El primer motivo de unidad entre todas las mujeres cristianas es, sin duda, su fe común, alimentada por la Palabra de Dios y los Sacramentos y vivida en la comunidad eclesial; de la Palabra resulta una visión antropológica bien definida, que ofrece luces sobre el significado y el valor de ser mujer o varón.
A partir de la Sagrada Escritura y de la Tradición, el Magisterio, sobre todo en tiempos recientes, ha formulado profundas reflexiones antropológicas que se refieren indistintamente a todas las mujeres y es bastante amplio el número de mujeres cristianas que, partiendo de estas reflexiones, se han comprometido a elaborar propuestas que se sitúan en el plano rigurosamente teológico.

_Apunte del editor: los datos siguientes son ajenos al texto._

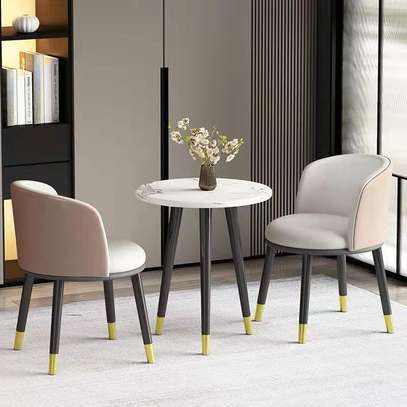 Table tête à tête de luxe, design moderne 3pcs image 1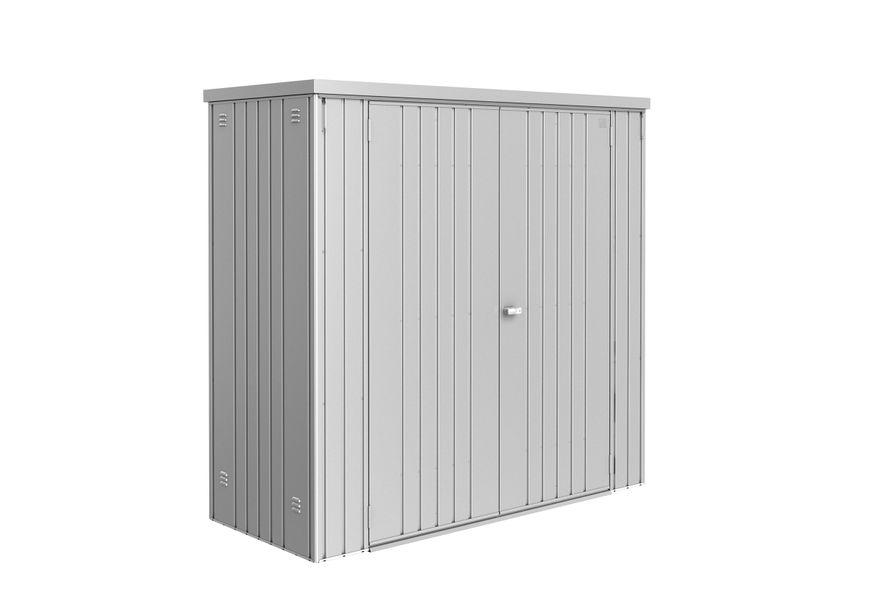 Biohort Tuinkast Gr.190 zilver metallic Foto van Biohort Tuinkast Gr.190 zilver metallic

Así se llega al segundo motivo de unidad; es decir, las elaboraciones teóricas que, en el plano filosófico, las mujeres están desarrollando respecto a la naturaleza humana, a la diferencia sexual y a la especificidad femenina, temas todos que tienen un valor universal y que evidencian una dignidad que es propia de toda mujer, independientemente de las particualridades geográficas y socio-culturales. Como ya se ha dicho, estas razones profundas de unidad no deben llevar a descuidar los factores que diversifican y que, ligados al contexto y a la cultura de pertenencia, hacen a las mujeres sujetos de experiencias que no son absolutamente asimilables entre ellas.
Para dar un ejemplo, tomado del ámbito socio-económico: para las mujeres del norte uno de los problemas más urgentes es el de la conciliación entre tareas familiares y trabajo extra-doméstico mientras, en otras situaciones prevalentemente rurales, esta rígida separación no existe y el compromiso de las mujeres se da con mayor continuidad en sectores que no están separados de manera rígida.
¿Qué implica esta diversificación de experiencias ante la única pertenencia eclesial?
En primer lugar, tal diversificación pide ser reconocida, dando espacio en la Iglesia a todas las voces de mujeres que experimentan en modos diferentes la idéntica fe, en una cotidianiedad que incide en sus vidas y en la reflexión sobre ellas.
En segunda instancia, la diversidad entre las mujeres debe ser vista como una razón de enriquecimiento real para las mujeres mismas y para toda la comunidad eclesial, puesto que da testimonio de la fecundidad de la Palabra que puede ser acogida sin barreras espacio-temporales. En muchos campos este enriquecimiento recíproco es activo; baste pensar en la investigación teológica que ve a las mujeres de varias partes del mundo como sujetos activos de la escucha y de la reflexión sobre la fe.
Queriendo sintetizar a modo de conclusión, se debe evidenciar que la dinámica implícita en este encuentro de mujeres tan distintas en cuanto a sus experiencias personales es precisamente el que se encuentra en la Primera carta a los Corintios que en el número 12 nos recuerda que en la multiplicidad de los carismas obra el único Espíritu, para el bien de toda la Iglesia.